Ik wil nog wel eens aan de VRT vragen of het sop de kool waard is en of het technisch met niet al te veel kosten of meerkosten mogelijk zou zijn om op uw vraag in te gaan om een bericht te versturen wanneer het maximaal aantal sms’jes voor deelname bereikt is. Ik zal de vraag stellen, heel precies, en u daarvan op de hoogte houden. Dat zal een afweging zijn van kosten en baten. Wanneer dat goedkoop of met niet te veel middelen kan, lijkt mij daar geen enkel tegenargument. Wanneer dat op een of andere manier een gevoelige investering zou zijn – ik weet het niet, laat het ons nog even afwachten – dan zal het misschien moeilijker zijn.
De heer Van de Wauwer heeft het woord.
Minister, ik dank u voor uw antwoord en voor de extra vraag die u zult stellen aan de VRT. Aanvullend op de vraag om eventueel die melding te sturen, wil ik vragen of er ook een mogelijkheid bestaat om het uit te schakelen, zodat mensen na de eenmalige deelname geen extra deelname meer kunnen hebben? (Opmerkingen van minister Sven Gatz)
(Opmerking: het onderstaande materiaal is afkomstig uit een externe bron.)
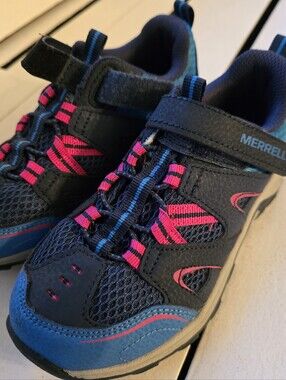 Merrell Navy & Pink Kids Hook-and-Loop Trail Sneakers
De heer Vandaele heeft het woord.
Het is een van de vele dingen waarvan we van de openbare omroep verwachten dat ze daar heel zorgvuldig mee omspringen, omdat we weten dat zeker kwetsbare groepen nogal voluntaristisch met dat soort dingen omgaan. Het is zeker de bedoeling, denken wij, dat onze openbare omroep goed oplet dat er daar geen malheuren gebeuren.
De vraag om uitleg is afgehandeld.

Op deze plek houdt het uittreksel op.